Since Ralph Lauren Corp (NYSE:RL) has witnessed falling interest from the aggregate hedge fund industry, it’s safe to say that there is a sect of funds that slashed their full holdings heading into Q4. Intriguingly, John Lykouretzos’ Hoplite Capital Management dumped the largest investment of all the hedgies monitored by Insider Monkey, totaling an estimated $51.1 million in stock. Alexander Mitchell’s fund, Scopus Asset Management, also sold off its stock, about $50.5 million worth of RL shares. These bearish behaviors are interesting, as total hedge fund interest was cut by 7 funds heading into Q4.
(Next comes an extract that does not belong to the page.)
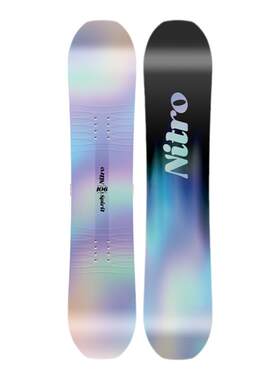 NITRO/尼卓SPIRIT儿童全能滑雪板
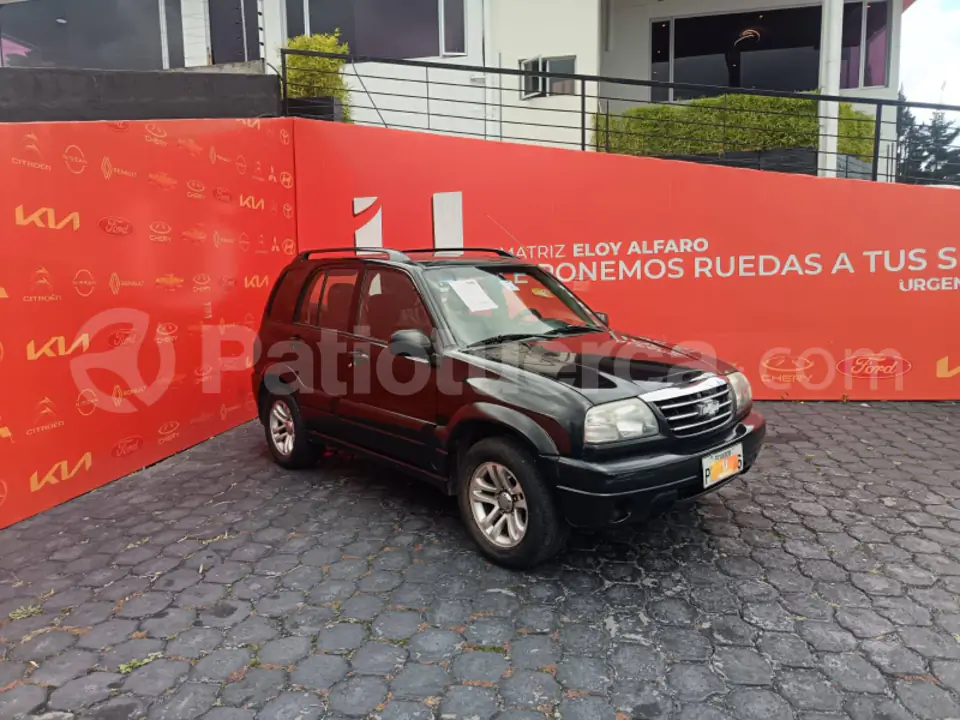 Foto 3 de Chevrolet Grand Vitara 5p 4x2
Let’s now review hedge fund activity in other stocks similar to Ralph Lauren Corp (NYSE:RL). We will take a look at Sabre Corp (NASDAQ:SABR), Foot Locker, Inc. (NYSE:FL), InterContinental Hotels Group PLC (ADR) (NYSE:IHG), and W.R. Berkley Corporation (NYSE:WRB). All of these stocks’ market caps are similar to RL’s market cap.
Ticker | No of HFs with positions | Total Value of HF Positions (x1000) | Change in HF Position |
---|---|---|---|
SABR | 29 | 1947191 | -7 |
FL | 29 | 1018572 | -2 |
IHG | 6 | 8885 | -1 |
WRB | 13 | 554662 | -5 |
As you can see these stocks had an average of 19 hedge funds with bullish positions and the average amount invested in these stocks was $882 million. That figure was $574 million in RL’s case. Sabre Corp (NASDAQ:SABR) is the most popular stock in this table. On the other hand InterContinental Hotels Group PLC (ADR) (NYSE:IHG) is the least popular one with only 6 bullish hedge fund positions. Ralph Lauren Corp (NYSE:RL) is not the most popular stock in this group but hedge fund interest is still above average. This is a slightly positive signal but we’d rather spend our time researching stocks that hedge funds have better recent sentiment for. In this regard FL might be a better candidate to consider a long position in.